Dans l’espoir de ne pas soulever la controverse, certaines voix
officielles du Vatican ont tenté d’expliquer que la visite du
Pape au Moyen-Orient n’a rien de politique. On devrait plutôt la
voir comme un « pèlerinage » ayant pour but de répandre un
« message religieux » de paix. Toutes ces contorsions
terminologiques ne changeront rien à la réalité des faits : le
chef de l’Église catholique, le chef d’État du Vatican, se rend
dans une région déchirée par le plus grave conflit politique de
notre époque.
Le monde serait en droit d’attendre de sa part, aussi bien à un
discours essentiellement religieux, qu’une prise de position
politique claire sur le conflit israélo-palestinien. Au mois de
mars 2000, le pape Jean-Paul II avait ouvert la voie à une
réconciliation et avait visité Israël. Il avait présenté des
excuses pour les siècles de persécution et de massacres
perpétrés par l’Église et par les chrétiens (ou avec leur
complicité active ou passive). Cette étape était à la fois
importante et nécessaire. Toutefois, il serait surprenant que
Benoît XVI s’en tienne à faire la même chose : ce dont la
communauté internationale et le Moyen-Orient ont le plus
pressant besoin, c’est d’un pape qui fait plus que formuler des
excuses et accepte d’assumer quelques responsabilités.

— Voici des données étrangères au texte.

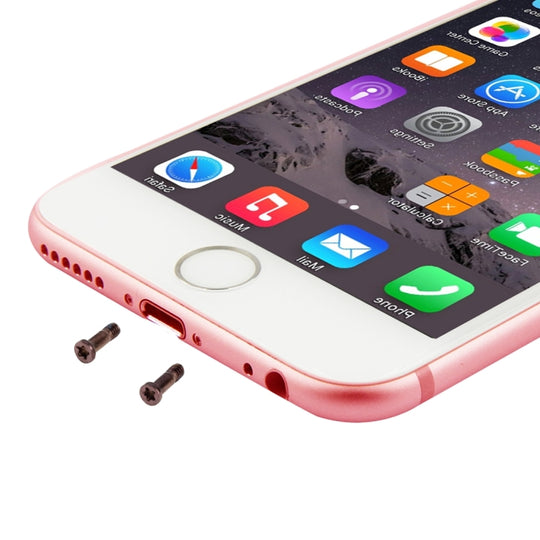 100 PCS for iPhone 6s & 6s Plus Universal Charging Port Screws(Rose Gold)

De façon concrète, cela signifie de travailler concomitamment
sur deux tableaux. Il devient impératif d’ouvrir les archives du
Vatican et d’exiger davantage de transparence en ce qui a trait
au passé. Au-delà des excuses, un point de vue autocritique et
une responsabilisation à partir des faits vérifiés seront d’une
aide précieuse pour tous les chrétiens et favoriseront les
relations avec les juifs. Nous avons besoin d’une telle
ouverture pour nourrir l’espoir que le pape actuel suive les pas
de son prédécesseur en faisant la promotion d’un dialogue
interreligieux, d’une meilleure compréhension et d’un engagement
envers le pluralisme religieux, le respect mutuel et les valeurs
communes.
La clarté de son message religieux donnera plus de poids à son
message politique. Bien que le conflit israélo-palestinien soit
politique, rien n’empêche un chef religieux de faire entendre sa
voix. Depuis trop longtemps, on nous répète que ce conflit
concerne les juifs et les arabes, ou les musulmans. Le pape doit
expliquer clairement que les droits de tous les croyants doivent
être également respectés ; que les juifs, les chrétiens et les
musulmans doivent bénéficier de droits égaux quant à la pratique
de leur religion et à l’accès aux sites sacrés. Par son silence
sur la question, le pape, ainsi que de nombreux chrétiens
partout dans le monde, corrobore l’idée qu’il s’agit d’une
opposition des juifs contre les musulmans. Paradoxalement, moins
il est de voix religieuses défendant le principe d’égalité plus
le conflit est perçu comme une opposition religieuse (juifs
contre musulmans).
De plus, le pape se doit d’agir en accord avec les valeurs
chrétiennes et donc, de dire la vérité ; en tant que chef de
l’Église catholique, il a le devoir moral de prendre la défense
des pauvres et des opprimés. Les Palestiniens sont les
opprimés ; ils continuent de souffrir du blocus intolérable de
Gaza. Autant les papes successifs ont présenté des excuses pour
le passé, autant Benoît XVI a la responsabilité de rappeler aux
dirigeants des puissances qu’ils sont responsables et devront
répondre de leurs actions. La visite du pape après les
événements de Gaza ne peut en aucun cas être considérée comme un
pèlerinage ; peu importe les pressions qu’on exerce sur lui pour
offrir des excuses répétées, ce que les gens veulent entendre de
la part de l’Église, c’est un message clair et réaliste sur le
conflit au Moyen-Orient.
Espérons que le pape rappellera au premier ministre israélien
Netanyahu (dont le parti ne reconnaît pas l’État palestinien) et
à son ministre des affaires étrangères, Lieberman, qu’il n’y
aura pas de paix s’il n’y a pas de justice, et que le sang des
Palestiniens vaut celui des Israéliens. Un silence sur la
question équivaudrait à un appui à Israël : en temps de
répression, pas de politique relève de la politique. Est-ce que
le pape aura le courage politique nécessaire pour être la voix
religieuse contemporaine qui rappellera à l’humanité la
responsabilité éthique qui incombe aux puissants ainsi que
l’égale dignité et la résistance légitime auxquelles ont droit
les opprimés ? Tel était le message de Jésus et il devrait
rester le même, en Israël et partout dans le monde.